=== Dataset excerpts ===
Content starts

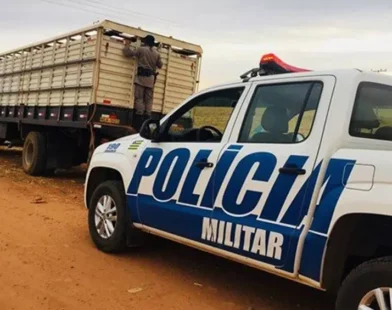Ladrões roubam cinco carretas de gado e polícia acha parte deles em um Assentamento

Content ends
Content starts

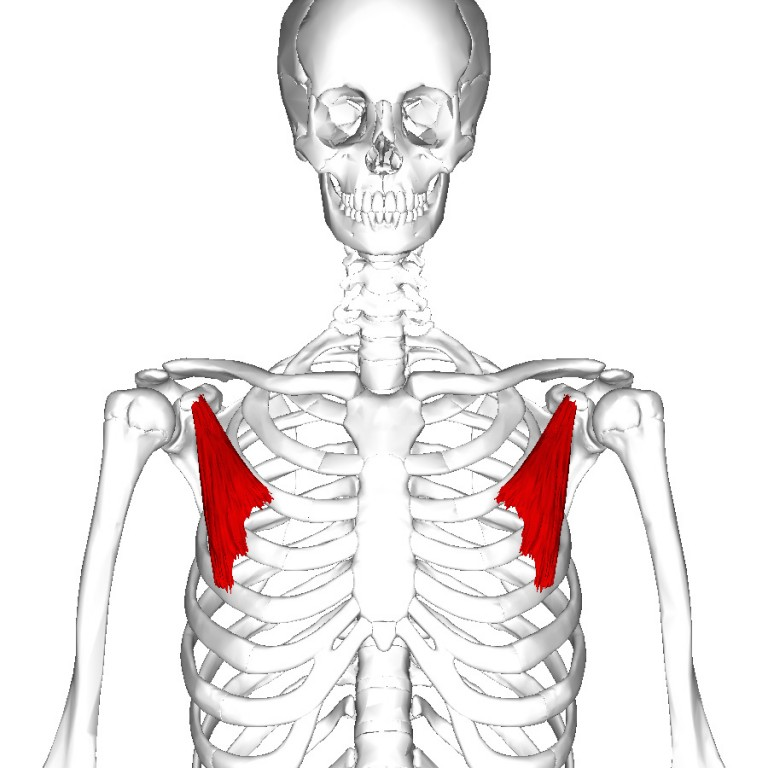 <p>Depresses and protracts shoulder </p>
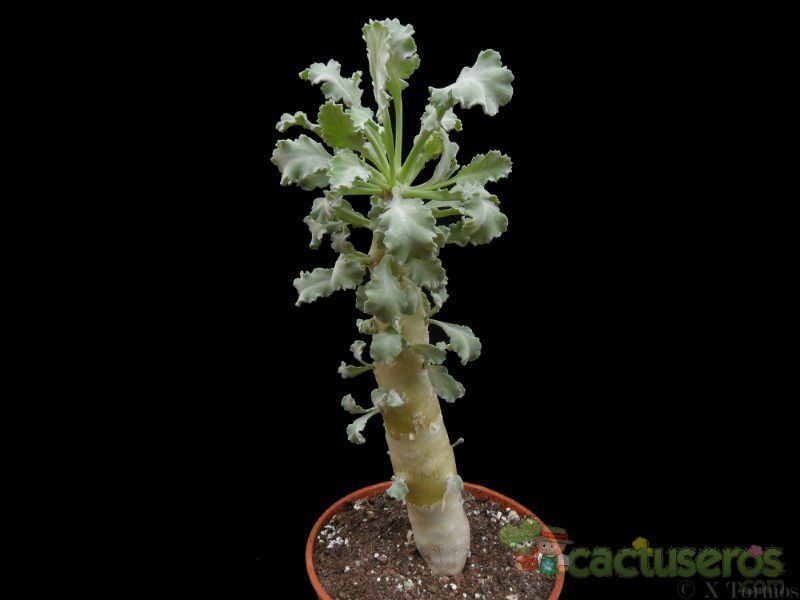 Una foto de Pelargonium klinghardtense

Content ends
Content starts

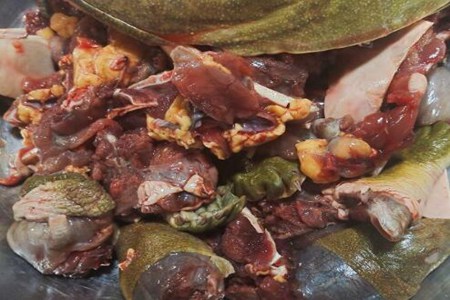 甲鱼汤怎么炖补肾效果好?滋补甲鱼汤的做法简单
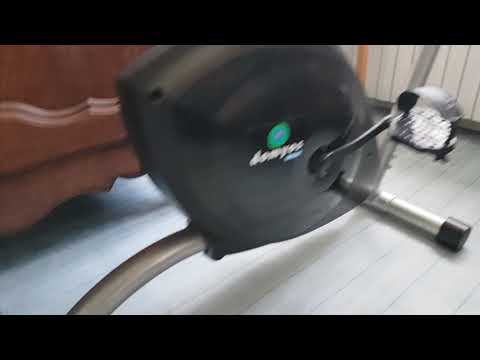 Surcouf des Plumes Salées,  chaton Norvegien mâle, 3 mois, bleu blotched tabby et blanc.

Content ends

=== Your goal ===
Taking the entries above, extract every line from the one bearing "<p>Depresses and protracts shoulder </p>" through the one bearing "Una foto de Pelargonium klinghardtense", exactly, with no pictures.

=== Response below ===
 <p>Depresses and protracts shoulder </p>
 Una foto de Pelargonium klinghardtense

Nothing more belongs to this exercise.